Старик стоял молча, шаря по груди белыми подагрическими пальцами. Наконец он нашел пенсне, висевшее на шнурке, и привычным движением нацепил на нос. Лицо его сразу сделалось моложавее, живее.
— Вы по поручению Романа Сидоровича? — сухо спросил он. — Прошу передать ему, чтобы он не беспокоил нас своими парламентерами. И умоляю вас…
«Значит, можно надеяться», — отметило сердце и застучало совсем по-иному: радостно и легко.
— Я должен объяснить. Я не тот, за кого вы меня принимаете. Моя фамилия Простин, Алексей Простин.
Старик внимательно посмотрел на меня и пропустил в прохладные полутемные сенцы.
— Прошу вас.
Я впервые переступив порог Люсиной комнаты, увидел ее вещи: узенькую кровать, над нею — коврик с милым наивным рисунком, наверное, коврик сохранился со времен ее
Старик указал на стул:
— Садитесь, пожалуйста. Я теперь понял. Прошу прощения. Я сейчас поясню. — Он стал ходить из угла в угол по тканевой дорожке. Жалобно скрипели рассохшиеся половицы.
Во взглядах на воспитание дочери Николай Константинович расходился с супругой. Полина Тимофеевна внушала дочери, что Людочка необыкновенная девушка и может полюбить только необыкновенного человека. Но Людмила была увлечена самым обычным юношей и повздорила с матерью. А потом она повздорила с этим юношей и сказала матери, что обманулась в нем.
В это время на горизонте и появился Сливко. Он быстро познакомился со стариками, обворожил мать орденами, солидностью и практичностью.
— Это он! — сказала Полина Тимофеевна дочери.
Сливко нужно было уезжать на все лето. Полине Тимофеевне срок этот казался слишком большим для испытания чувств. «Другого такого не найти», — говорила она Людмиле. — Подумай о свадьбе».
Было ли это сводничеством? Нет, конечно. Какая мать не желает дочери хорошего жениха? А для Полины Тимофеевны Сливко был хорошим.

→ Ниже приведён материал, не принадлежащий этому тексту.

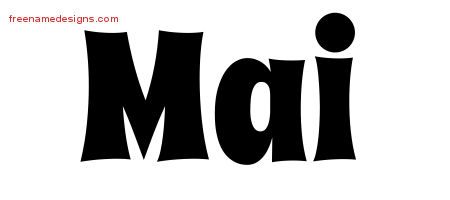 Groovy Name Tattoo Designs Mai Free Lettering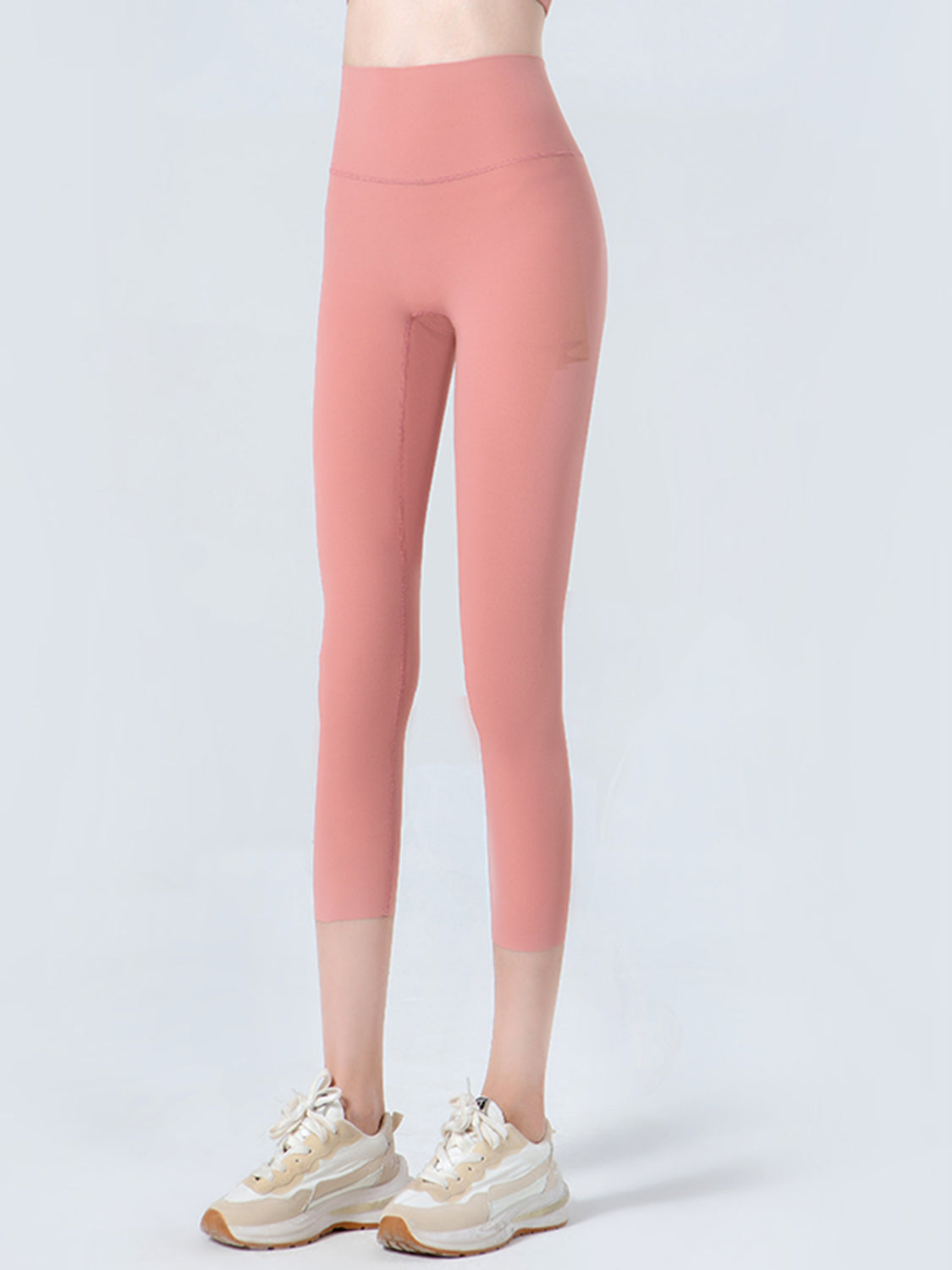 Wide Waistband Cropped Sports Leggings - Ryzela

— Был он заботливый, рачительный хозяин, — рассказывал старик. — Сделал в Люсиной комнате розетку для настольной лампы, починил крыльцо, привел как-то солдата, и тот протянул в сени электричество. По вечерам бывало сядем чай пить, он рассказ затеет про войну, про боевые вылеты. Жена с дочерью, обе глаз не сводят с него, охают, ахают, головами качают. Интересно! Так весь вечер и просидим.
Накануне своего отъезда майор сделал Людмиле предложение. Она не отказала. Но свадьбу все-таки отложила до осени. И вдруг случилось одно происшествие. К Людмиле в госпиталь пришел врач из вашей воинской части, Вера Стрункина. Они учились вместе. Людмила и расскажи ей о своем женихе. Вера Стрункина побледнела — и в слезы. Мало-помалу выяснилось, что майор жил у Веры в квартире, сошелся с ней, просил родить сына. А она не могла. Тогда он бросил ее. — Николай Константинович тяжело вздохнул. — Дочь у нас с норовом. Надерзила матери, когда та стала упрашивать ее не бросать Сливко, и уехала.
— Куда? Где же она?
— У бабушки. Туда сейчас поехала и Полина Тимофеевна.
Николай Константинович резко повернулся ко мне и спросил:
— Товарищ лейтенант, скажите, кто тут виноват?
— Есть и моя вина, — признался я.
XVII
Я перегнал из мастерских свою машину.
На следующий день проводились полеты в сложных метеорологических условиях. И, пожалуй, никогда еще с такой тщательностью не делал я предполетного осмотра, как в этот раз. Ведь я осматривал свою машину, которой так долго был лишен! Я боялся потерять ее так же, как боятся лишиться родного существа. Мне хотелось, чтобы она была лучше всех, и я, как мальчишка, любовался ею, новенькой, весело блестевшей свежей краской.